Да и отправив меня в блэклист, она четко дала понять, что знать меня больше не желает.
Остановился я в Мариотте — дом наш действительно весь перетряхнули. Хуже другое — я не имел доступа ни к документам, ни к базам, ни к чему. Изъяли всё.
С отцом тоже не давали увидеться. К нему пускали только адвоката, так что связь с ним мы держали через Вайнера.
Отец просил меня скорее вернуться назад, переживал, что и я попаду под каток. Вайнер тоже не видел особого смысла в моем присутствии, ну и разделял опасения отца.
— Всё хуже, чем мы думали, — со скорбным видом в очередной раз передавал мне новости Марк Соломонович. — Личные счёты у Александра Германовича с Леонтьевым, а бороться теперь приходится с государством и системой. А это заведомо проигрышный вариант. О законности и правах можно забыть. Наш губернатор поставил себе цель разорить и посадить Александра Германовича — и сделает это. Потому что он это может, потому что власть в его руках, потому что он и есть система. И все там повязаны. С этим его арестом столько грубейших нарушений! Да и обвинения в неуплате налогов предъявляют за период, срок давности по которому давно истек. Но все мои прошения, все жалобы отклоняются.
Невозмутимый прежде Вайнер негодовал, вскидывал руки в возмущении.
— А как отец?
— Ну как… — пожимает плечами Вайнер. — Крепится. Хотя тяжело ему, на него сейчас такое давление.
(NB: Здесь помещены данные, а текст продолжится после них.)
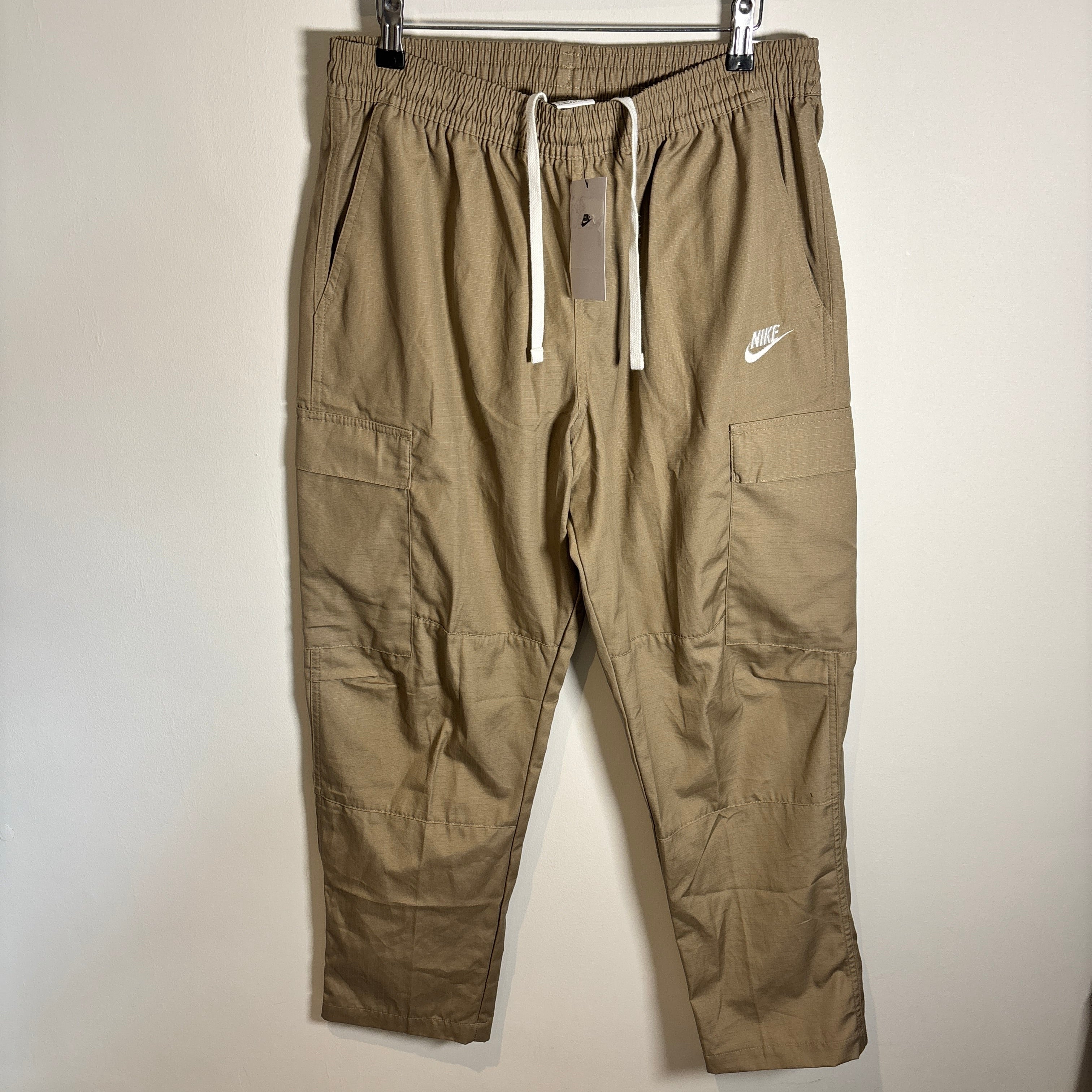 NIKE RIPSTOP CARGOS STONE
Но что еще ему остается? Ходатайство о мере пресечения, естественно, тоже отклонили, как и заявление о получении дополнительной медицинской помощи…
— А что с ним?
— Ну, сердце, давление и так… — замялся адвокат, пряча глаза. Потом посмотрел на меня затравленно, моментально растеряв свой пыл. — Ну вы же понимаете, Герман Александрович, в каких он сейчас условиях находится, какое там обращение, а на него к тому же давят. Ведь не секрет, как могут выбивать признание, как там людей ломают… Это здесь он был хозяином жизни, а там… никто и звать никак… а они творят, что хотят. В карцере вот недавно провел трое суток, якобы за нарушение режима…
Морщинистое лицо Вайнера страдальчески исказилось.
Я мало что знал об этой стороне жизни, лишь обрывочно, по каким-то фильмам и изредка мелькавшим новостям. Просто не интересовался. Но даже я понимал, что там могут и бить, и унижать, и что похуже.
— Под залог его никак не могут отпустить? Если выйти лично на судью? А задействовать пресс-службу, СМИ? Дать огласку?
Вайнер только тяжело вздыхал и безнадежно тряс головой.
— Я пытался через свои каналы, но мне шепнули знающие люди, что бесполезно всё. Его все равно посадят. Ни за одно, так за другое. Взялись за него крепко. Его просто хотят устранить. А компанию развалить, а затем присвоить за бесценок наши предприятия. В этом деле много заинтересованных лиц и всем выгодно потопить Александра Германовича. Они там все заодно. Не пробиться… глухо. Это система… сломать систему невозможно. А огласка что? Он же не борец за справедливость, не узник чести. Он в глазах общественности миллиардер, наворовавший свои капиталы. Да народ только рад будет. Бесполезно всё.
Меня охватило раздражение, хотелось резко высказать ему, что рано он капитулировал, что из любого положения можно найти выход, даже если он сразу не очевиден. Но сдержался.
Старик Вайнер не врал и не сгущал краски намеренно — я это видел. Он дело свое знает, и раз говорит, что все глухо — то так оно и есть… если идти известными дорогами. А всякие окольные пути — не его конек, он — законник до мозга костей.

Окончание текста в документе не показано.